About four years ago, the Shelter Technology, Engineering and Fabrication Directorate of the NSRDEC was the first to assist.
STEFD was contacted by Marybeth O'Sullivan, a Navy Veteran and the outreach advisor for the Veterans Upward Bound program at the University of Massachusetts Boston, said Dan Feeley, equipment specialist. Originally Doug Melvin, also an equipment specialist in STEFD, was the point of contact and worked out an agreement where they would supply the labor and we would provide the tents, continued Feeley, who has since taken on the role as POC. There are a number of Navy Seabees who are assigned to the event and they have the experience to set up the equipment. "This year we loaned them two tents," he said, "a GP medium and a GP large."
Three years ago, the STEFD also put O'Sullivan in touch with the Combat Feeding Directorate and they have been loaning equipment as well.
"This year we provided a MKT [Mobile Kitchen Trailer] along with all the necessary accessories to prepare meals," said Louis Jamieson, equipment specialist, CFD. "Previously they were using barrels or home barbeque grills," he continued. "Not only was that not efficient, but it wasn't safe either."

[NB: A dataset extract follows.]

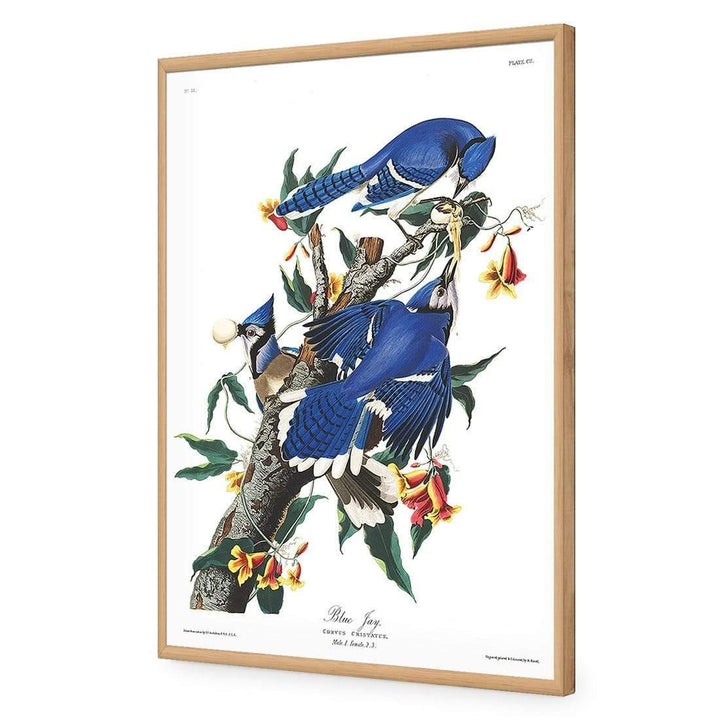 Blue Jay By John James Audubon Wall Art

Several of the Seabees had previously been certified at Natick in the safe use of the MKT and the MKT was used to provide three complete meals to the Veterans over the two-day period.
O'Sullivan said, "We served over 550 homeless Veterans living within the greater Boston area. Due to the availability of the MKT, the meals that were provided for our Veterans were nutritious, and the weekend's mission was completed with the greatest efficiency! Breakfast, lunch and dinner were served on time and with no difficulties."
Feeley said the annual arrangement works out well. They get the equipment they need to run the event and we get to help out Veterans, he said.
A note from O'Sullivan expresses her gratitude, "Many thanks for the support you and your team at NSRDEC provided for Massachusetts Stand Down. Once again, I thank you for supporting our efforts in assisting Veterans who have fallen on difficult times. I look forward to our continued relationship as we continue to fight our current war on homelessness."
Anthony Celluci, engineering aid, CFD, said, "It was an honor for the CFD team to assist in providing a positive service for our homeless Veterans who have served this country proudly, and CFD will continue to support this important cause."
According to the Department of Veterans Affairs' website, Stand Downs are one part of the Department of Veterans Affairs' efforts to provide services to homeless Veterans. They are typically one to three day events providing services to homeless Veterans such as food, shelter, clothing, health screenings, benefits counseling and referrals to a variety of other necessary services, such as housing, employment and substance abuse treatment. Stand Downs are collaborative events, coordinated between local VAs, other government agencies, and community agencies who serve the homeless.